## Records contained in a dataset
☆ ☆ ☆ ☆ ☆ ☆ ☆
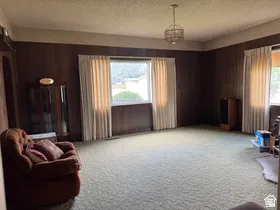 Spacious room featuring wood paneling, a textured ceiling, and a central chandelier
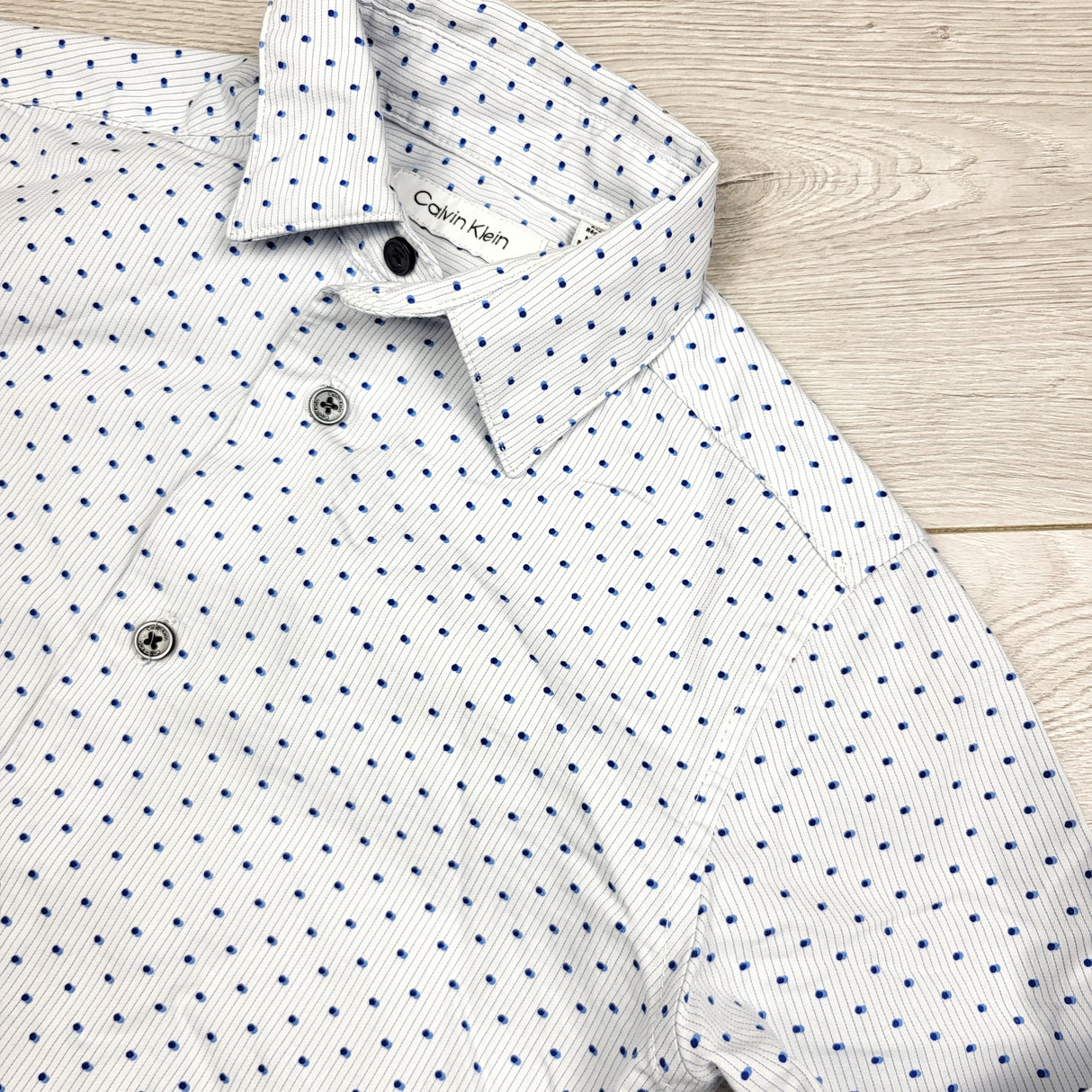 DPAR3 - Calvin Klein white polka dot button down shirt. Size 8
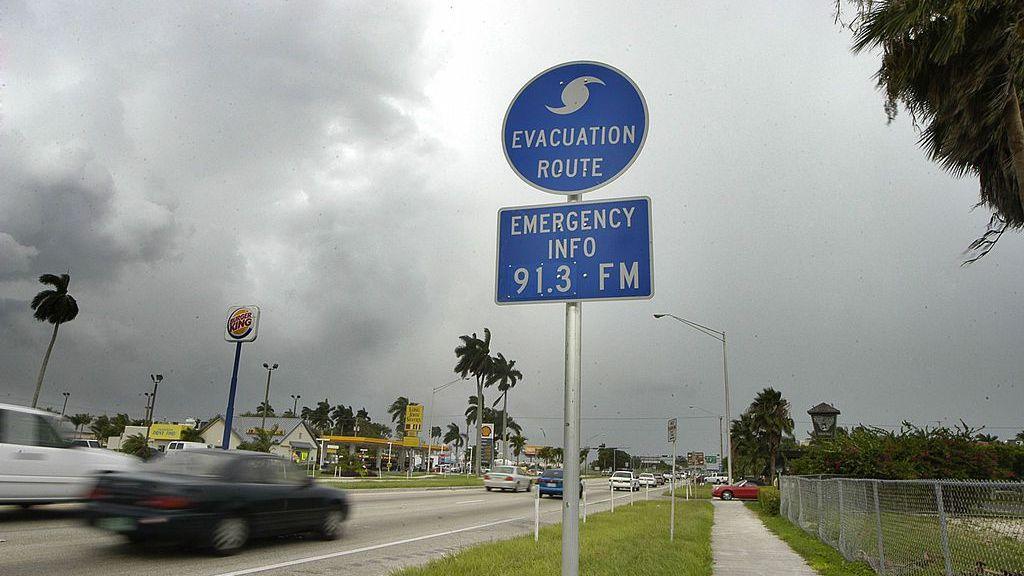 Photo shows a road with cars passing a blue sign that has a hurricane symbol and says'evacuation route''emergency info 91.3FM'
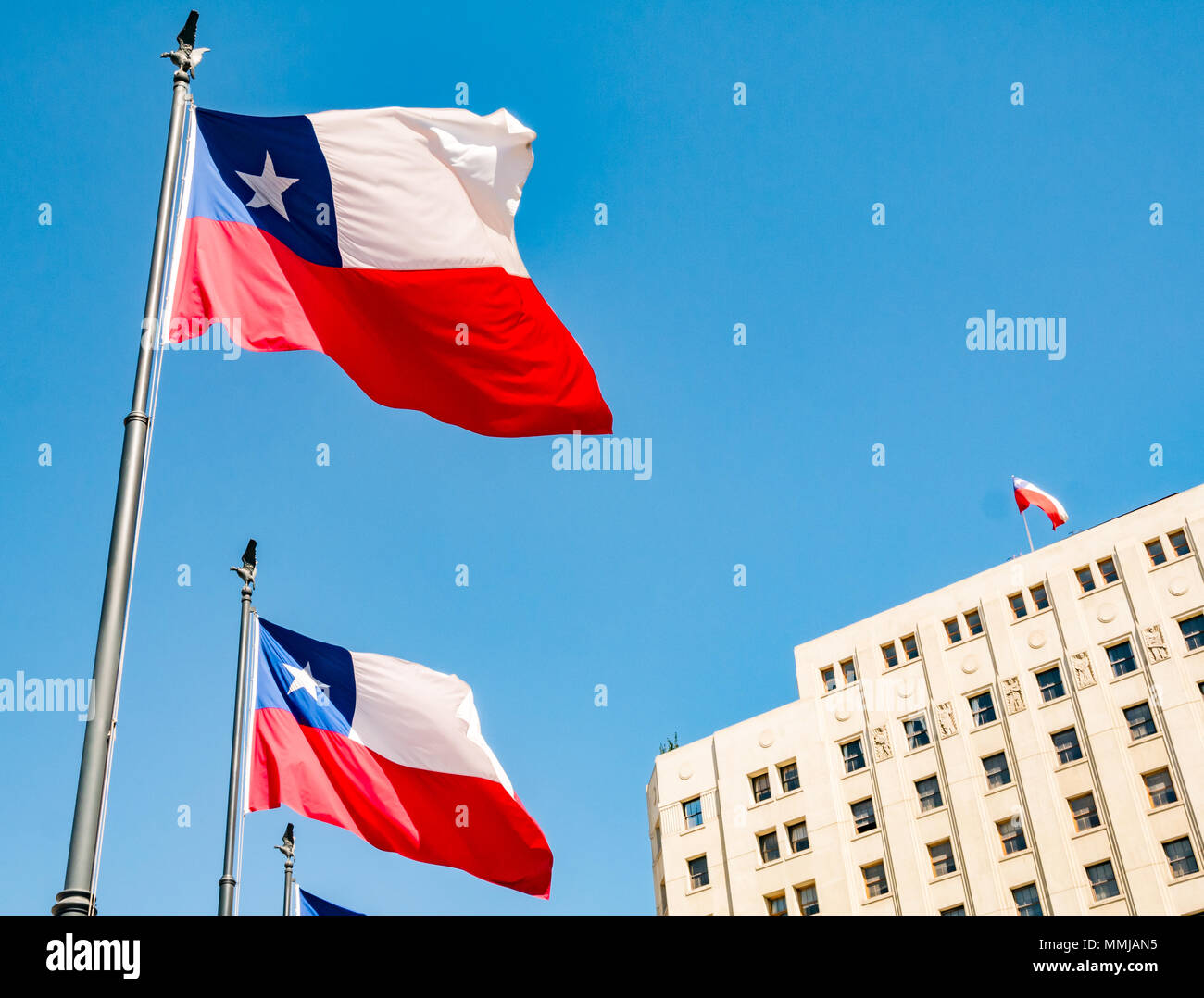 Chilean flags flying against blue sky outside Internal Revenue Service of Chile, Santiago, Chile Stock Photo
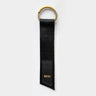 A simple keychain made from a black seatbelt, with gold brass ring and a faux leather logo patch with gold letters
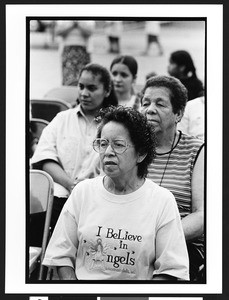 Female worshipers of Latin American origin at outdoor prayer meeting, Charismatic, Maternity B.V.M., Chicago, Illinois, 2002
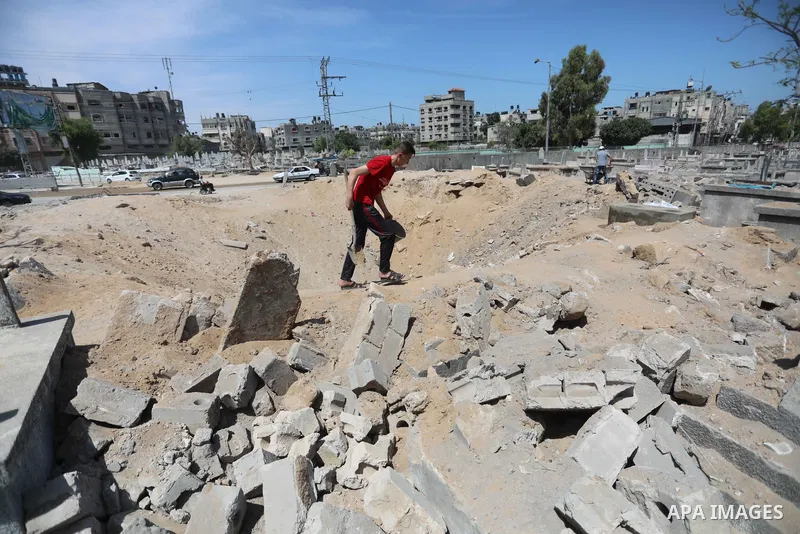 Palestinians inspect the damage around tombs in the old Shujaiya cemetery in Gaza City on May 30, 2021, after recent Israeli bombings. A ceasefire was reached late last week after 11 days of deadly violence between Israe...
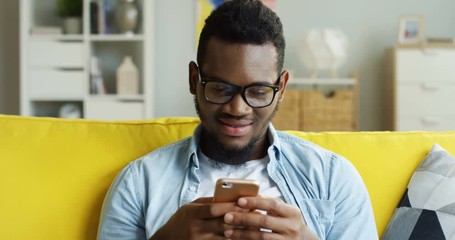 Portrait shot of the cheerful young African American man taping while texting on the smartphone device in the living room. - Powered by Adobe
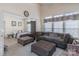 Bright sitting area with two sofas, ottomans, and view into bedroom at 117 Biscayne Ct, Mooresville, NC 28117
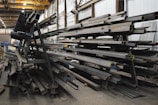 a large pile of steel beams in a warehouse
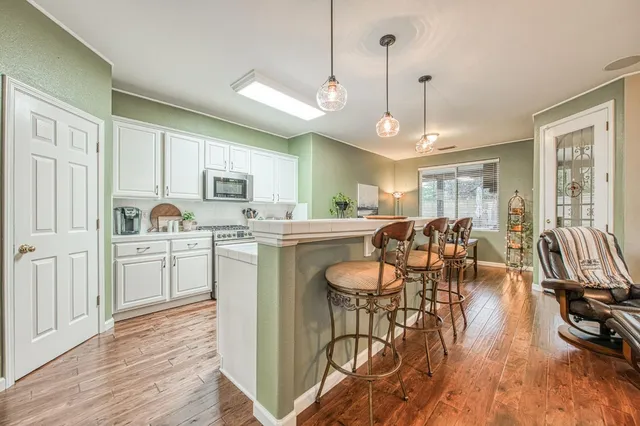 a kitchen with stainless steel appliances granite countertop a stove top oven a refrigerator a dining table and chairs with wooden floor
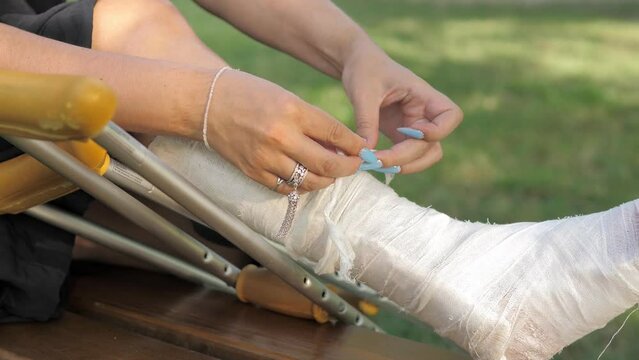 Close-up. A young girl with a cast and a walker is sitting on a bench in the park and tying a knot on her leg bandage.Rehabilitation after a leg strain fracture in the fresh air on a bright sunny day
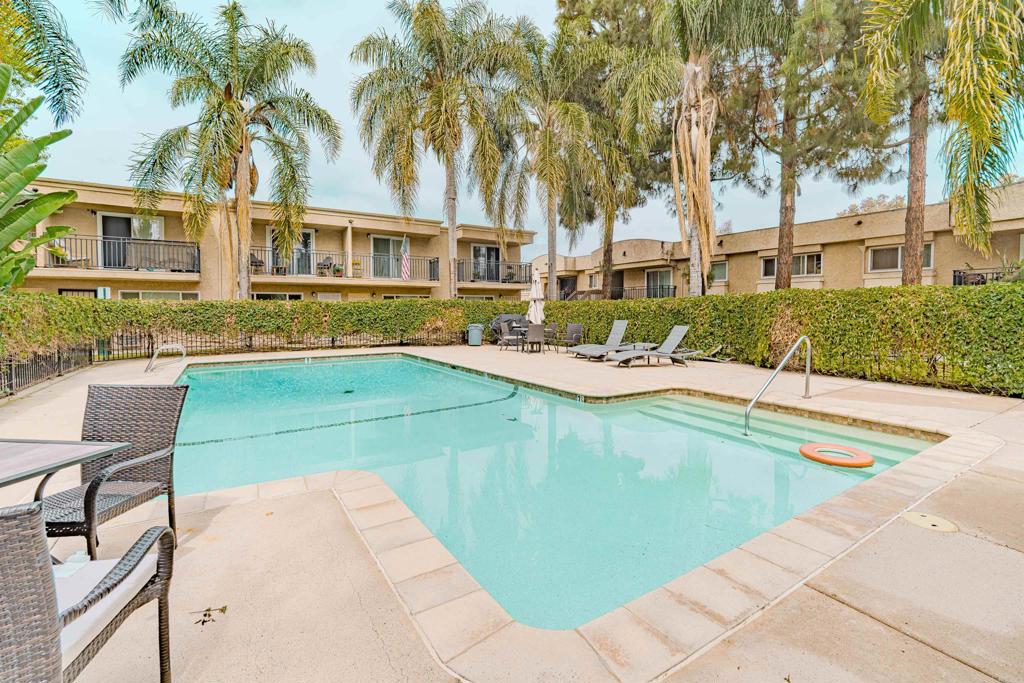 9860 Dale Avenue, Unit D10 Spring Valley, CA 91977 - Photo 50 of 55 a house with swimming pool in front of it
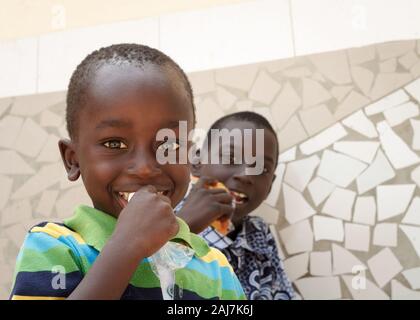 Two bright-eyed Senegalese kids eating snacks during a visit to their village. Senegal, Africa - Photograph: Tony Taylor Stock Photo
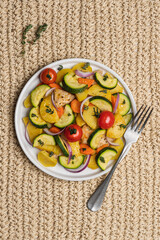 Baked vegetables and meat in plate on wicker background. Cooked dish of Potatoes, zucchini, carrots, onions, tomato and chicken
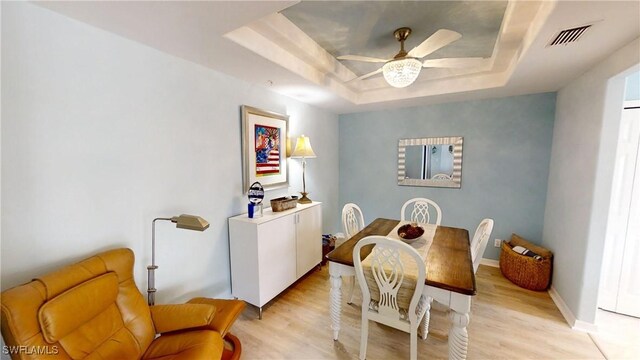 dining room featuring ceiling fan, light hardwood / wood-style floors, and a tray ceiling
☆ ☆ ☆ ☆ ☆ ☆ ☆
## Directions
With the pictures left out, write out exactly the lines above from the one containing "A simple keychain" through the one containing "a kitchen with".

## Response area
 A simple keychain made from a black seatbelt, with gold brass ring and a faux leather logo patch with gold letters
 Female worshipers of Latin American origin at outdoor prayer meeting, Charismatic, Maternity B.V.M., Chicago, Illinois, 2002
 Palestinians inspect the damage around tombs in the old Shujaiya cemetery in Gaza City on May 30, 2021, after recent Israeli bombings. A ceasefire was reached late last week after 11 days of deadly violence between Israe...
 Portrait shot of the cheerful young African American man taping while texting on the smartphone device in the living room. - Powered by Adobe
 Bright sitting area with two sofas, ottomans, and view into bedroom at 117 Biscayne Ct, Mooresville, NC 28117
 a large pile of steel beams in a warehouse
 a kitchen with stainless steel appliances granite countertop a stove top oven a refrigerator a dining table and chairs with wooden floor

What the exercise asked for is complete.